Dividieron a los participantes en dos grandes grupos: uno de ellos hizo vida normal; el otro limitó su tiempo a diez minutos diarios por plataforma. Regularmente, los estudiantes tenían que mandar capturas del consumo de energía a los investigadores. Para acabar, durante tres semanas, examinaron siete medidas que incluían depresión, ansiedad o soledad.
Las conclusiones son interesantes, aunque no del todo sorprendentes. Según los autores, “usar redes sociales menos de lo normal, lleva a una disminución significativa tanto de la depresión como de la soledad. El efecto es particularmente pronunciado para las personas”.
¿Dejamos las redes sociales?
Los investigadores hacen mucho hincapié en el hecho de que los resultados no sugieren que los jóvenes tengan que dejar de usar las redes sociales por completo. Parte de la motivación de los investigadores está en la convicción de que la abstinencia total es un objetivo poco realista.
Y parece una intuición correcta. Como señalan, “es paradójico que reducir el uso de redes sociales en realidad nos haga sentir menos solos”. Pero eso solo señala que nuestra relación con las redes sociales (y su diseño) es más complejo de los esperable: de algún modo, consiguen incentivar comportamientos que nos hacen mal.

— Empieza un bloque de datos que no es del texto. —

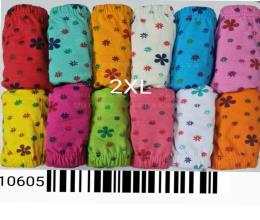 شورت نخی لیفه ای اعلاء 10605 XXL 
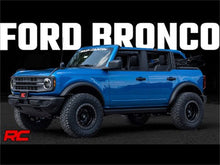 Load image into Gallery viewer, Rough Country 40400 Suspension Lift Kit for Select Ford Bronco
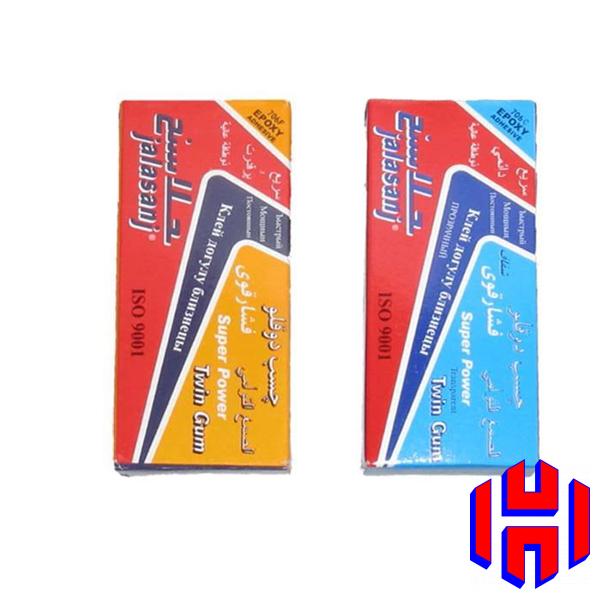 Chasb2GholoJalasanj خرید چسب دوقلو جلاسنج - ایران چسب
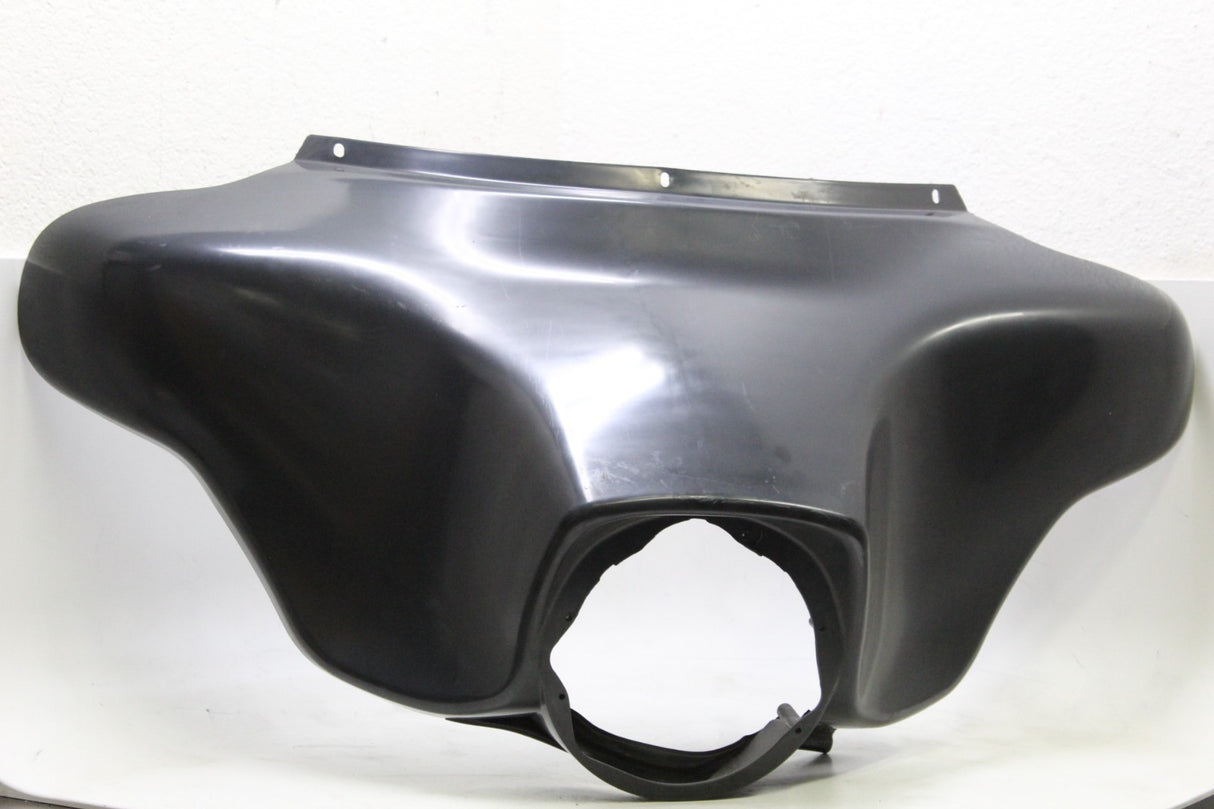 Unpainted Batwing Outer Fairing Fit For Harley Touring Street Glide 1996-2013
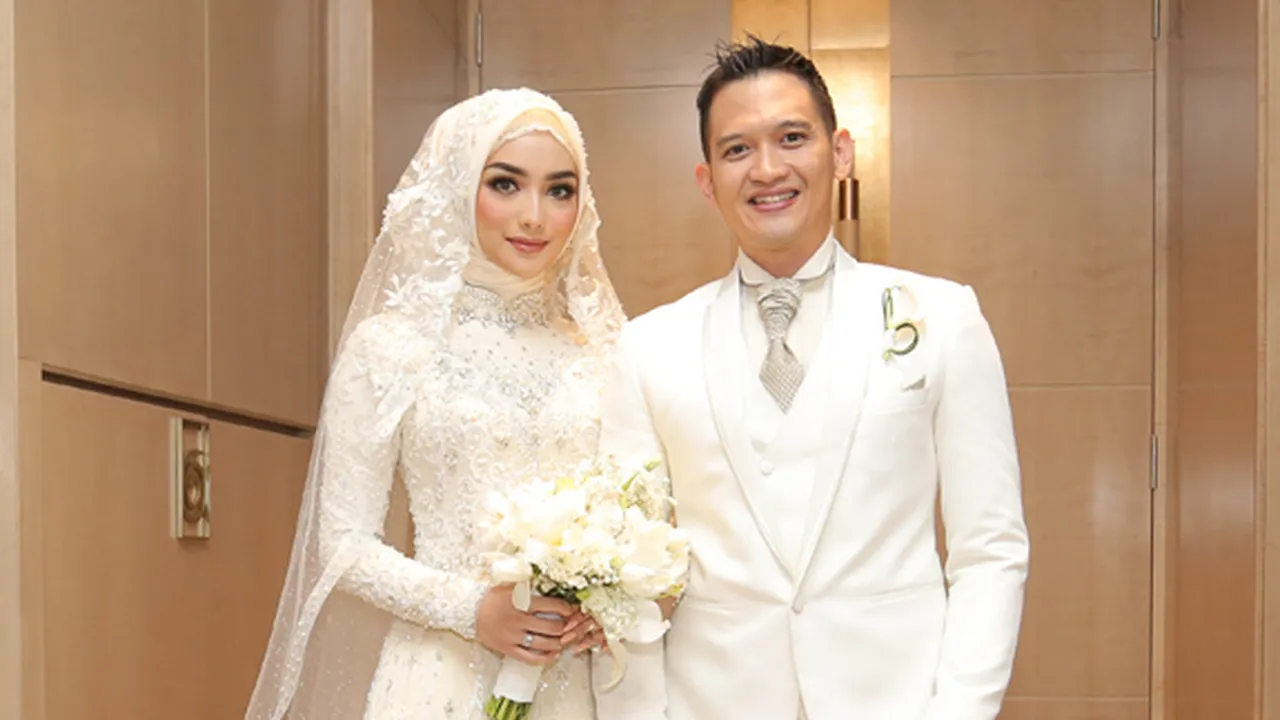 Siap Lebaran dengan Perut Membesar, Baby Bump Citra Kirana Bikin Gemes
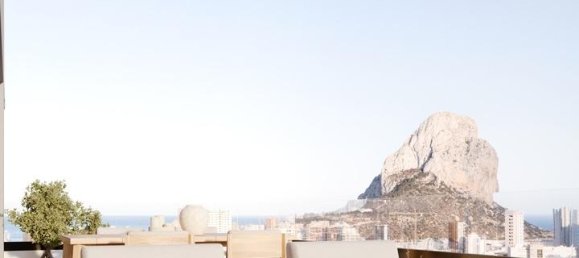 2 chambres appartement à vendre à Calpe, Alicante, Valencian Community, Spain № 365628 29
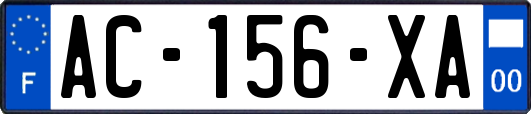 AC-156-XA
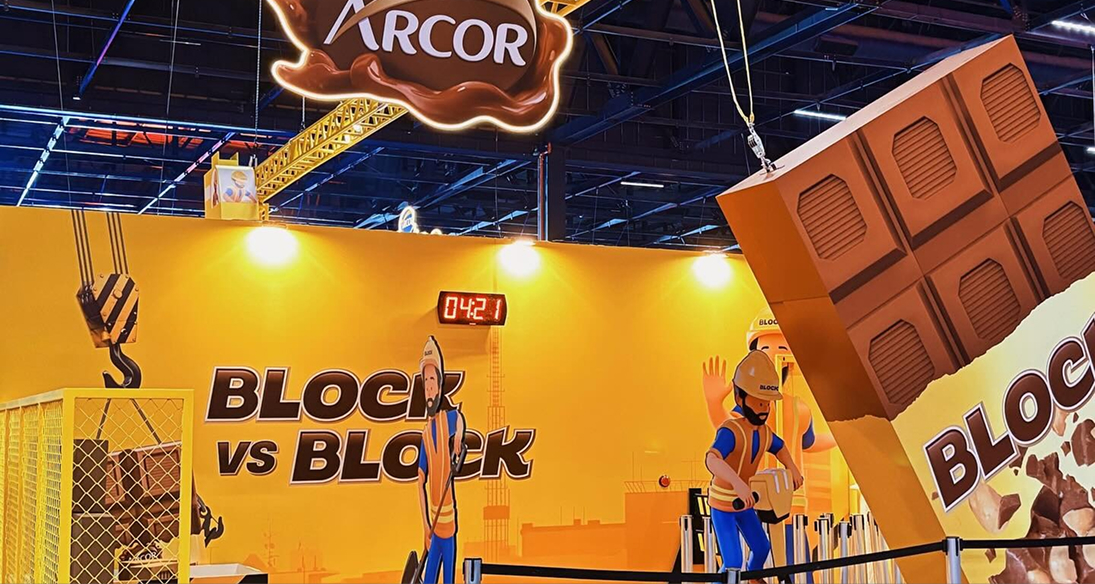 arcor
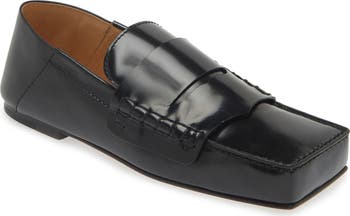 Jacquemus Carré Penny Loafer (Women) | Nordstrom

Si están en lo cierto, ese es el cogollo conductual del asunto: por qué usamos herramientas que nos hacen sentir más solos y deprimidos. Pero es algo que no pueden resolver fácilmente con un estudio tan pequeño. Señalan algunos estudios sobre el efecto que compararnos con otros tienen en nuestro estado de ánimo. Pero es insuficiente.
Por eso, a falta de seguir investigando, los investigadores subrayan dos conclusiones claras: la primera es que parece sensato reducir la oportunidad de comparación social. Y la segunda es que estas herramientas que “están aquí para quedarse” y, por eso mismo, deberíamos averiguar cómo usarlas.